Qual è la differenza tra Instagram e Threads
Inizialmente, per accedere a Threads bisognava essere iscritti a Instagram. Ciò ha portato a supporre che i due social fossero simili. In realtà questo collegamento era stato pensato proprio per accelerare l’iscrizione degli utenti alla piattaforma appena lanciata. Oggi, però, è possibile creare un account Threads anche solo con un’e-mail o con un numero di telefono. L’integrazione con Instagram resta però l’opzione predefinita e più rapida per importare dati e follower o per il crossposting.
Tra Instagram e Threads vi sono numerose differenze. La prima è una piattaforma visiva, in cui immagini e video sono al centro dell’esperienza. Qui i contenuti sono spesso pensati e progettati per performare. Estetica, coerenza del feed, qualità visiva e formati sono elementi chiave. Di conseguenza, la logica è quella della vetrina: si tende a mostrare foto e video spesso rifiniti prima di essere pubblicati.
Threads, invece, ha ribaltato questa dinamica fin dall’inizio. È una piattaforma testuale, dove il contenuto nasce più come pensiero che come prodotto finito. Non c’è pressione estetica: si entra per dire qualcosa e, soprattutto, per interagire con gli altri attraverso le risposte. Qui la visibilità si costruisce attraverso il dialogo. Un’altra sostanziale differenza tra Instagram e Threads ha a che fare con la possibilità di personalizzare il feed in modo semplice. Come vedremo infatti, tra le novità Threads 2026 vi è anche quella di suggerire all’algoritmo gli argomenti che si desidera leggere.

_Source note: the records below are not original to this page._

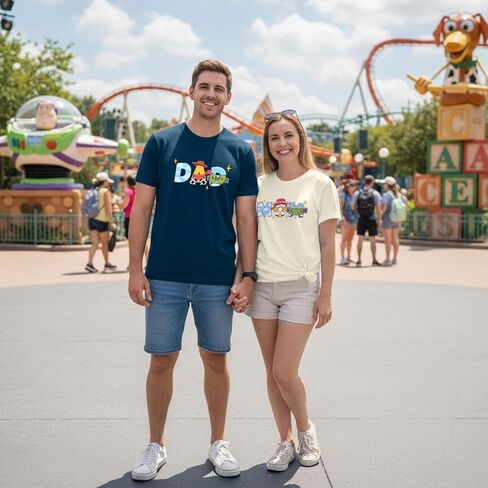 Toy Dad Shirt Toys Toys Mom Thirts Funny Mama و Dada Dada مطابقة عيد ميلاد Top Family Vacation Tee Tee in Kuwait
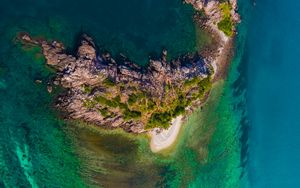 Preview wallpaper island, rocks, aerial view, relief, ocean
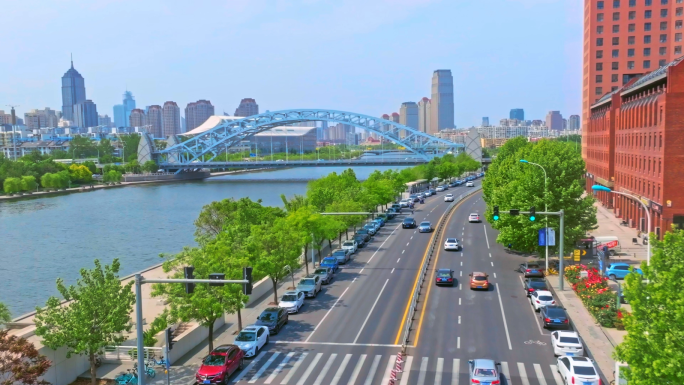 天津海河风景海河沿岸城市风景航拍天津风景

X e Threads, una lunga rivalità
Anche se i due social funzionano secondo un meccanismo simile, la differenza tra Threads e X sta nell’intenzione con cui vengono usati e nelle dinamiche che li guidano. Threads nasce per favorire conversazioni fluide e poco performative; il suo algoritmo premia interazioni e risposte. Ciò lo rende uno spazio di scambio più che di affermazione. Il social di Musk, invece, resta più informativo e reattivo, legato all’attualità. Non è un caso che l’algoritmo di X dia maggiore visibilità a post tempestivi su argomenti di tendenza.
A febbraio 2026, secondo dati di Similarweb, Threads ha superato X in termini di utenti attivi giornalieri da mobile, un segnale della crescente popolarità del social dentro l’ecosistema Meta. I fattori che possono contribuire a spiegare il sorpasso sono diversi. Da un lato, la diffusione di Threads è stata facilitata dallo stesso ecosistema di Meta e dal collegamento diretto con Instagram. Anche la frequente introduzione di nuove funzionalità può aver generato curiosità. Dall’altro, le controversie legate a Grok – spesso usato per generare nudi non consensuali e deepfake – e all’esposizione politica di Musk hanno portato numerosi utenti ad abbandonare la piattaforma.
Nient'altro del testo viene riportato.